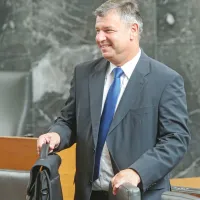 Peter Gašperšič  bi lahko danes postal novi nadzornik anhovske 
družbe Alpacem Cement, prej dolga leta Salonita. 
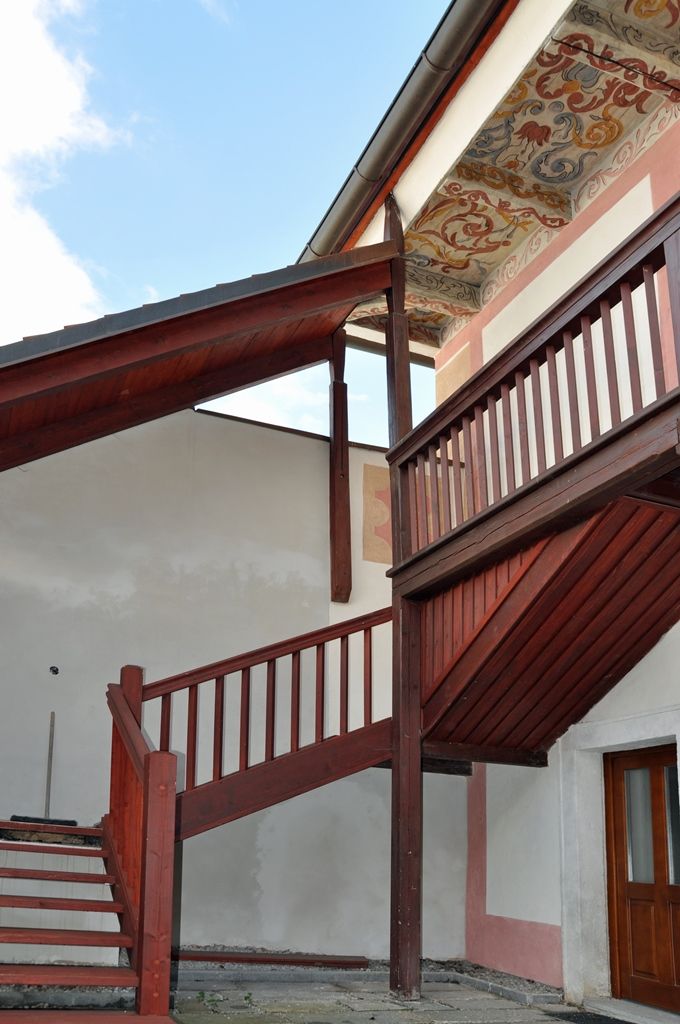 Nejstarší plzeňský lusthaus skrývá ve svém jádru předměstský dům, který se nachází v Lochotínské ulici 24. Kdysi se mu říkalo Lerchenfeldovský nebo U Táborů. Nyní patří soukromým majitelům, s nimiž se město spojilo při záchraně této cenné budovy. „V minulosti se v areálu nacházela Bolevecká karosárna, pak byl vrácen v restituci, a teď jej vlastníme my. Opravy jsou ale velice finančně náročné,“ říká Tomáš Hříbal, jednatel společnosti, které objekt patří. „V celkovém řešení představuje památkově hodnotný doklad historické zástavby Severního Předměstí,“ uvádí Petr Bukovský z odboru památkové péče magistrátu. (foto: Z. Kubalová)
------------------------------
**Exercise objective:**
Restate only the lines running from the start of the material above through the line containing "družbe Alpacem Cement, prej", ends included. No pictures.

**Output for this exercise:**
 Peter Gašperšič  bi lahko danes postal novi nadzornik anhovske 
družbe Alpacem Cement, prej dolga leta Salonita. 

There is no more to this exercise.